MAJ. TOWNSEND BELL
State Bar President, 1943-1944
Maj. Townsend Bell was President of the State Bar of Texas during the 1943-1944 term when full aid to the war effort was the prime objective of the Bar. During this year the State Bar also helped to sponsor a traffic court conference and an institute on the fundamentals of federal taxation. Bell was born in Tenaha, Texas, on December 4, 1897. After his graduation from high school, he served in the U.S. Armed Forces during World War I. Following the war he enrolled at the University of Texas where he received his LL.B. degree in 1923. He was student editor of the 1922-1923 Texas Law Review and a member of the Chancellors and the Delta Sigma Rho and Phi Delta Theta fraternities.

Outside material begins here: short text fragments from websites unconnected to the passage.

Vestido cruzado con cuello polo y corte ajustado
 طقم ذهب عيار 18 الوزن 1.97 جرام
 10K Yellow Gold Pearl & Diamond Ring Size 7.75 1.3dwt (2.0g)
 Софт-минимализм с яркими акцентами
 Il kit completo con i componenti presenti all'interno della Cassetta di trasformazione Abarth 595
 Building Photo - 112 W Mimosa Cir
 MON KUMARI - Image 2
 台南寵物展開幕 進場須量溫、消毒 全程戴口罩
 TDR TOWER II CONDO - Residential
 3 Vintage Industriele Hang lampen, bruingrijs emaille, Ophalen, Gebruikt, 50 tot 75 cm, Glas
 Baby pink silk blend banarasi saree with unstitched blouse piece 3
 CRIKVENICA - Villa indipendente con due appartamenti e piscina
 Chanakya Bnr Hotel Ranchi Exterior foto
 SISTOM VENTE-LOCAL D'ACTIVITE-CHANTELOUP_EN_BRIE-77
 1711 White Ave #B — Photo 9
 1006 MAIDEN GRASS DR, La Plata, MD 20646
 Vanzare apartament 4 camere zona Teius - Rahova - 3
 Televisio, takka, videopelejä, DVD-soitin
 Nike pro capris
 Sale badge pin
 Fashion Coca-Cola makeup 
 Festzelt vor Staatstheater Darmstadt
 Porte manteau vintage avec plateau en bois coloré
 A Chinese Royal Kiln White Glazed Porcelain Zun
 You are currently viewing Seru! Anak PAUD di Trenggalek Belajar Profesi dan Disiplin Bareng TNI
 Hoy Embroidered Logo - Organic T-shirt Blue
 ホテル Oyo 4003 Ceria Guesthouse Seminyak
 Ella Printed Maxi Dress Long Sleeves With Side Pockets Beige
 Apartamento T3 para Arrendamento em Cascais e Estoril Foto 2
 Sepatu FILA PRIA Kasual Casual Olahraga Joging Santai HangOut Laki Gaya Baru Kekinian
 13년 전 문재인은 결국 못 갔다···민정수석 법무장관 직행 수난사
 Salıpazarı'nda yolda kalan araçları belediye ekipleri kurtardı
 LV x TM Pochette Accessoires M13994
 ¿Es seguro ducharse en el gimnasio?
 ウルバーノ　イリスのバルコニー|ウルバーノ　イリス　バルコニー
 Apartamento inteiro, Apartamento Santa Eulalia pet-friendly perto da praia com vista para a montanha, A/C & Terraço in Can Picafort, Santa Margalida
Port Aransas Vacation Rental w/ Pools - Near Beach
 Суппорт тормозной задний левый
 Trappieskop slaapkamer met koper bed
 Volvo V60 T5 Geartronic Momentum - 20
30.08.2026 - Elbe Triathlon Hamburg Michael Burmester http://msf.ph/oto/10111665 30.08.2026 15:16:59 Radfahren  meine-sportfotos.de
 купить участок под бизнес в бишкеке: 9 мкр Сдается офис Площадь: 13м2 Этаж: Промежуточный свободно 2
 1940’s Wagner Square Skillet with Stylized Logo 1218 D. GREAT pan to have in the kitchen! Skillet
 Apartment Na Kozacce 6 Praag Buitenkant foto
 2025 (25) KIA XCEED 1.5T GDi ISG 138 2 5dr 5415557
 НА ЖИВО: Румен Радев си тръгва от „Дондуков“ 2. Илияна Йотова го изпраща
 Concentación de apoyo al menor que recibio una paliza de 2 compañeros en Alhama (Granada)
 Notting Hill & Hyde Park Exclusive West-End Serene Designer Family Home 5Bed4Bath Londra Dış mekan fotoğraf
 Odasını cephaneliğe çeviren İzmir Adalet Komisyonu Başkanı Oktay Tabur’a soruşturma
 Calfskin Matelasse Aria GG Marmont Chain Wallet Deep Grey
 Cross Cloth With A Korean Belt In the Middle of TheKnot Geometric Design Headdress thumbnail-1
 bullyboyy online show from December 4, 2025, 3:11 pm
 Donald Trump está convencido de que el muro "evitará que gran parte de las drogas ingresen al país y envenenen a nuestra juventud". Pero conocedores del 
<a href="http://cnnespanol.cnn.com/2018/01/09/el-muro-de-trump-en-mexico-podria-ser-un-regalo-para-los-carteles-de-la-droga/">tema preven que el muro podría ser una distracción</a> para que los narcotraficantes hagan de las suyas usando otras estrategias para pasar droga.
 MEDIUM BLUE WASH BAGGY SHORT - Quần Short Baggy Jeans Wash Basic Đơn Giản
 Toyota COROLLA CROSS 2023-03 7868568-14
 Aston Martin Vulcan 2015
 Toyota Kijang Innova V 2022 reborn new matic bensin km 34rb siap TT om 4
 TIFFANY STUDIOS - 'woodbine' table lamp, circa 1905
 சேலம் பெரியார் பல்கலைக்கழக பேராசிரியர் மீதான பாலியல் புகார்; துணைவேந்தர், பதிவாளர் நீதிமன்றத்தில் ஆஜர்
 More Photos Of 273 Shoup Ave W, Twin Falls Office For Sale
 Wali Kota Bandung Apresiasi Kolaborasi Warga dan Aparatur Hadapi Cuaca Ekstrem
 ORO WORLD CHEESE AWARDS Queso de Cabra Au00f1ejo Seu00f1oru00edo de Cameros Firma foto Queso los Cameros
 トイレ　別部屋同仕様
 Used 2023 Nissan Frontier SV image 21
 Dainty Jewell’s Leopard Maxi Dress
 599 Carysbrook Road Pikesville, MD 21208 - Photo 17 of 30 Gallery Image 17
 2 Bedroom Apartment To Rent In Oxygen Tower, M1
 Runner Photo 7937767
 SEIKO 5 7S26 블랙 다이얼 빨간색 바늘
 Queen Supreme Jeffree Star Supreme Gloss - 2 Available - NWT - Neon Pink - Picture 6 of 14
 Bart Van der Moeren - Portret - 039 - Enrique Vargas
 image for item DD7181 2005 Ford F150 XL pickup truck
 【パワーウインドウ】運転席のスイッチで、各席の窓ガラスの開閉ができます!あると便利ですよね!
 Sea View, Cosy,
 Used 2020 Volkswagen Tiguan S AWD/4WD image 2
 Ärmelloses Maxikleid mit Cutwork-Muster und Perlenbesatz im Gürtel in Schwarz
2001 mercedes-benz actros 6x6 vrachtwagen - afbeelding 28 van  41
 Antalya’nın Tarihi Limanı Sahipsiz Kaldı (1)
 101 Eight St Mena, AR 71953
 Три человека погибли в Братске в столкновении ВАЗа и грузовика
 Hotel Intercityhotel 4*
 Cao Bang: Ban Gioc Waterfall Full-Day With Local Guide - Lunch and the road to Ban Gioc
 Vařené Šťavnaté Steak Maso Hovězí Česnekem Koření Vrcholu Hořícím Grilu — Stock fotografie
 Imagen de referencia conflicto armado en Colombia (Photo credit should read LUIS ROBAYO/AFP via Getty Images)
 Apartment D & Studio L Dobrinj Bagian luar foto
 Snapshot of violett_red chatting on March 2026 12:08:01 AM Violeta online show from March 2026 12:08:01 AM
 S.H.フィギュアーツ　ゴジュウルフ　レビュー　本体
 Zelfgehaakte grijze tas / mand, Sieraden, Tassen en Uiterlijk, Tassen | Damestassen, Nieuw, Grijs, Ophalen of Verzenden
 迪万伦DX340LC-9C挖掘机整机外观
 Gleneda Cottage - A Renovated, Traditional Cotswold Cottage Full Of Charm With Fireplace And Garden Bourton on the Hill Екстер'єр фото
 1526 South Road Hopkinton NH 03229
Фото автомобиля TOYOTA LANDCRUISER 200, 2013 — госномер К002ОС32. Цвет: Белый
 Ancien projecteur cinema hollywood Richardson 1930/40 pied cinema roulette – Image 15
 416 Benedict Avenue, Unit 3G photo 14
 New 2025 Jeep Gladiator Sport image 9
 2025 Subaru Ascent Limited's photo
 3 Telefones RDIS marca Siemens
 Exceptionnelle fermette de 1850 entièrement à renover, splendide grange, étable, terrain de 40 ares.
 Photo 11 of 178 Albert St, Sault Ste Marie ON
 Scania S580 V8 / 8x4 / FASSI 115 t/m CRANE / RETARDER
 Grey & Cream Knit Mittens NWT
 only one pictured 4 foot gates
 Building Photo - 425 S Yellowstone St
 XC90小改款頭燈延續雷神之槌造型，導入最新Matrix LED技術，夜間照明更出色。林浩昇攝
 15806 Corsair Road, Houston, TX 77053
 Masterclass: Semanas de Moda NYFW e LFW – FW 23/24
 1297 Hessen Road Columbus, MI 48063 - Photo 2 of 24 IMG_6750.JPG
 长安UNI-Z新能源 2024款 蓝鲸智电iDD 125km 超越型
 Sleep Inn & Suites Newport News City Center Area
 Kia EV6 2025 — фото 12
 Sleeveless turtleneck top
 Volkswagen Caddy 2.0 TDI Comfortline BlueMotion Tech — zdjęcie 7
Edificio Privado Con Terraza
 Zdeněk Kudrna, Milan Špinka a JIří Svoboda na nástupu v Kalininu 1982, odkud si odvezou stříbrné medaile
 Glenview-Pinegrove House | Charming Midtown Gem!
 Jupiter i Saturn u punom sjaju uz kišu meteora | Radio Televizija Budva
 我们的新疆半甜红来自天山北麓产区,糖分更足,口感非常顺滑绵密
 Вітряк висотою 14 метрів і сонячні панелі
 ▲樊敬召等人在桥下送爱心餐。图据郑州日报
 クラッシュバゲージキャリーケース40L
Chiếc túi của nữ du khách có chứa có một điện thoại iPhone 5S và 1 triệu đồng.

Bell began his legal career as district attorney of the 4th Judicial District (Rusk, Shelby, and Panola Counties). Later he moved to Beaumont, and from 1926-1930 he was associated with the law office of Orgain & Carroll. He became a partner of this firm in 1930 and remained with it and its successor firms until his death. Besides being President of the State Bar, Bell also served on the Board of Directors; and in 1955-1960 he was vice-chairman of the State Bar Committee on Nuclear Energy. He was also a past president of the Jefferson County Bar Association and was the Beaumont Legal Secretaries' first "Boss of the Year" in 1961. Bell once served as vice-president of the Federation of Insurance Counsel. He was on the boards of directors of Texas Southern University and the Texas Law Enforcement & Youth Foundation, as well as a research fellow and advisory board member of the Southwestern Legal Foundation. He also belonged to the International Association of Insurance Counsel and was a Fellow of both the American College of Probate Counsel and the American Bar Foundation. Bell was a deacon in the Calder Baptist Church and a member of the Beaumont Country Club. He was married and the father of two sons. He died on March 1, 1969.